Архитекторы могут руководствоваться самыми лучшими намерениями. Но в последнем городском противостоянии между людьми и зданиями, жизнью и камнем, они не только служат не той стороне; они также маскируют это главное противостояние, скрывая силу угнетения за очаровательным фасадом и демонстрацией внимания к человеческому масштабу. Например, Беньямин был не первым, кто заметил, что некоторые из жилищных проектов XX века, которые были задуманы как наиболее социально ответственные, оказались по факту наиболее очевидными машинами городского угнетения. Архитекторам трудно скрыть тот факт, что они являются жрецами Молоха, «чьи очи суть тысяча слепых окон! Чьи небоскребы на длинных улицах стоят как бесконечные Иеговы!»[111].
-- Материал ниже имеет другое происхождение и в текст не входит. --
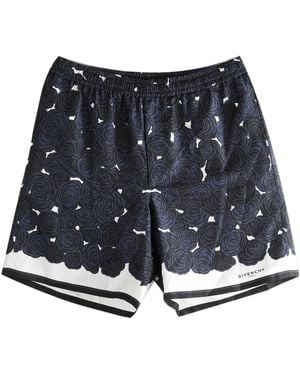 Givenchy Rose Detailed Shorts - Blue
В этом неоднозначном контексте Беньямин специально упоминает изобретателя Бакминстера Фуллера и его понятие жизнеобеспечения, «livingry» – неологизм, обозначающий всё, что усиливает жизнь, по контрасту с weaponry, оружием, которое ее уничтожает. «Архитектурная профессия, – утверждает Фуллер, – всегда была тем родом занятий, где наиболее компетентно размышляли о жизнеобеспечении, а не о вооружении»[112]. Вероятно, лучшим примером такой незамутненной наивности может быть собственный проект Фуллера в виде идеального сферического купола диаметром в две мили, который должен накрыть весь Средний Манхэттен от реки до реки, достигающего наибольшей высоты в районе главного отделения Публичной библиотеки на пересечении Пятой авеню и Сорок второй улицы.